First, some bad news: you’re probably using Facebook to try to persuade someone, and it’s a lousy tool for the job.

Think back to school…how did you open your mind to a new activity? I’ll tell you how it didn’t happen: some friend of a friend passes you a harsh handwritten note that says “you and all your scum friends should join band practice like me and all my clan. Band Clan rules! (Now read the long justification to my snarky note at this URL).”

It happened because someone introduced you to an activity they liked, and you let down your guard a bit and discovered it was fun. In essence, your friend talked you into coming to band practice and you realized you liked music.

Unfortunately for our society, we have become two massive cliques, and we’re all attending school at Facebook High dressed in our Red or Blue uniforms. Facebook High is a large school; it has 2.7 B students. Classes aren’t in-person and there are no faculty or staff. We all have the power to deliver that bully note anonymously, across time-zones.

But let’s face it: even though we know it’s not persuasive, we’re all likely to fall into the temptation to answer back to the provoking thread or post the thing we’re outraged by. Facebook activates three emotions which are brutally hard to walk away from: ego (I’m better than you), envy (you’re better than me), and outrage (I can’t believe that you’re worse than me and you posted that political trash!)

So, if you’re going to engage (and you probably are), here’s how to engage and protect your sanity and others’.

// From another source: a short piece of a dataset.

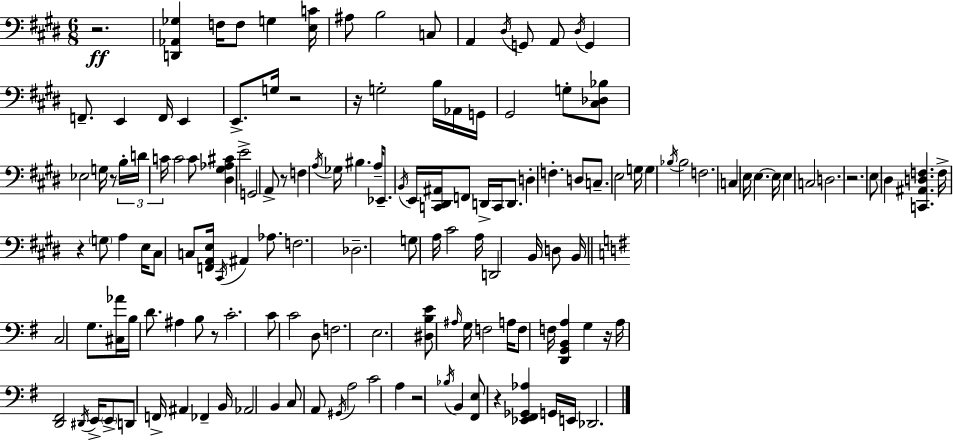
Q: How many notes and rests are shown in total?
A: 149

  1. Use polite language, closer to long-form correspondence than texts: ‘sorry for the delay in responding,’ ‘get to this if/when you can,’ ‘thanks for reading,’ ‘interested to know your thoughts.’ This is not false politesse. The reason to do this is simple: you’ll feel better.
  2. Offer accountability and apologies about your communication, even if you don’t apologize about the substance of your argument.
  3. When a person references numbers or data, ask for the source. Do so in a kind and inquisitive way. Someone has to read the source material, and since they cited the data, that unfortunate person is you! Otherwise you’re just shouting at each other and deepening the icky experience of writing vitriol at strangers with no verifiable reason…
  4. …but don’t click on the links they provide! That just gives questionable posts more traction. Number of shares doesn’t necessarily correlate to legitimacy. Instead, open a new browser, investigate the bona fides of the news source, and then look for the article in a search engine.
  5. If someone insults you, don’t retaliate – empathize. Write something kind and forgiving. Get them to feel silly about their behavior rather than enraged at yours.
  6. Don’t compare. No one cares. It’s not like Kristallnacht or McCarthyism or Roswell or Apartheid or the Holocaust. Even if it is, it isn’t. Stop comparing. When others do, write this: “Jumping to another comparison would be better over a cup of coffee. Without a chance to chat in person, I’ll keep my response limited to the initial post. Cheers!”
  7. Make your tone cheerful, respectful and colloquial. Using casual language like chat, take a look, or check it out reminds the person that you are a human.
  8. Cite people’s names! Doing so will make them feel respected but also make them think twice about posting alarmist drivel.
  9. Don’t use any of these words: ad hominem attacks, whataboutism, platitudes, false equivalencies. As soon as you do, you’ve launched into a meta fight. Anyone who has ever wanted to explode when the overly broad, “you always do that!” comes out in a fight knows how annoying meta-arguments about arguments are. There’s a good chance: you don’t understand the term; they don’t understand the term; you both understand the term, but one of you believes it doesn’t apply. The times when someone has said to themselves, “oh I’m glad they used that term; I didn’t know what it meant, but I looked it up in the dictionary and now I do — thanks for educating me!” can be counted on exactly zero fingers.
  10. Last, if you feel passionately enough about it to rant on FB, get involved in the actual cause in real life.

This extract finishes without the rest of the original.